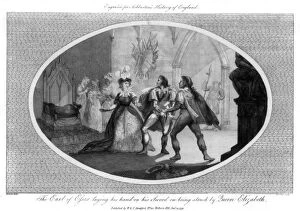 2nd Earl Of Essex Gallery: The Earl of Essex laying his hand on his sword on being struck by Queen Elizabeth, (1792)
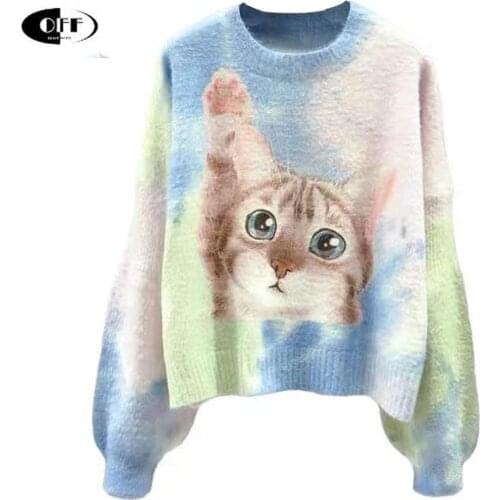 Women Fall Cartoon Animal Cat Embroidery Fluffy Pullover Knitting Sweater Female Warm Harajuku Sweet Kawaii Winter Clothes traf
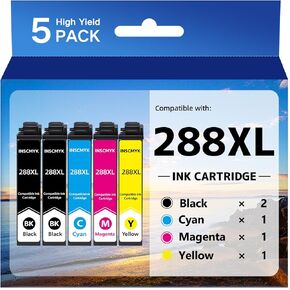 288XL Ink Cartridges 5 Pack Remanufactured for Epson 288XL Ink Cartridges Combo Pack T288 XL T288XL 288 for XP-340 XP-430 XP-434 XP-440 XP-446 XP-330 Printer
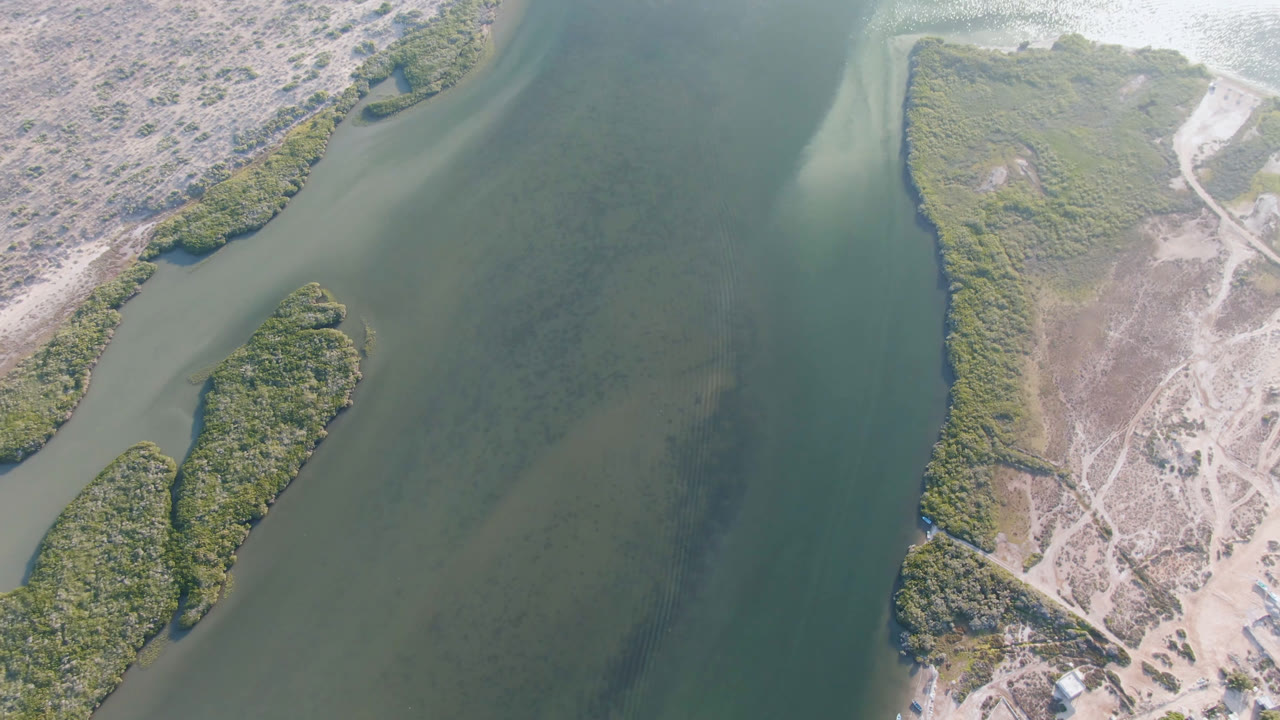 Aerial frame over Aldofo Lopez Mateos showing a broad green-blue channel, pale sand flats, shoreline brush, and faint dirt tracks with no visible people.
■ ■ ■ ■ ■ ■ ■
Without altering anything, output all the lines above but none of the images.

## WRITTEN REPLY:
 2nd Earl Of Essex Gallery: The Earl of Essex laying his hand on his sword on being struck by Queen Elizabeth, (1792)
 Women Fall Cartoon Animal Cat Embroidery Fluffy Pullover Knitting Sweater Female Warm Harajuku Sweet Kawaii Winter Clothes traf
 288XL Ink Cartridges 5 Pack Remanufactured for Epson 288XL Ink Cartridges Combo Pack T288 XL T288XL 288 for XP-340 XP-430 XP-434 XP-440 XP-446 XP-330 Printer
 Aerial frame over Aldofo Lopez Mateos showing a broad green-blue channel, pale sand flats, shoreline brush, and faint dirt tracks with no visible people.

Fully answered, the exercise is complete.